* _Aim of the task_:
Would you please output the lines from the one holding "Bed, TV/Entertainment Center" to the end of the entries, exactly and with no others?

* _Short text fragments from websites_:
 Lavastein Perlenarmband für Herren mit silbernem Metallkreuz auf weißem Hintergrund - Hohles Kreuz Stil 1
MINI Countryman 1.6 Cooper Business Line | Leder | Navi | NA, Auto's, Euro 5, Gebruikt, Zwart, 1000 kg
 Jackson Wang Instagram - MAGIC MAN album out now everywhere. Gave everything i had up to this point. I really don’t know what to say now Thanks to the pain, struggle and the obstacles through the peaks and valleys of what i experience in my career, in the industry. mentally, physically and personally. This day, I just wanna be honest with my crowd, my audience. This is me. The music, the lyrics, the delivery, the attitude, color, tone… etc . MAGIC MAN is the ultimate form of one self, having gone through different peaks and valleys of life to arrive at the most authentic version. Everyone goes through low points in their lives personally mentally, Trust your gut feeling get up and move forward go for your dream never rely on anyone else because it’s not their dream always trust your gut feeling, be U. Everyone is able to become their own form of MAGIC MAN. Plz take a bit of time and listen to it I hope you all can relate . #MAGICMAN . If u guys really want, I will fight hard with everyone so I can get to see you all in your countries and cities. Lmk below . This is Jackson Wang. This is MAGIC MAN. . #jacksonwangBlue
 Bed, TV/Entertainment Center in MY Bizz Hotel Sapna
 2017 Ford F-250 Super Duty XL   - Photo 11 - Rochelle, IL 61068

* _Answer to the exercise_:
 Bed, TV/Entertainment Center in MY Bizz Hotel Sapna
 2017 Ford F-250 Super Duty XL   - Photo 11 - Rochelle, IL 61068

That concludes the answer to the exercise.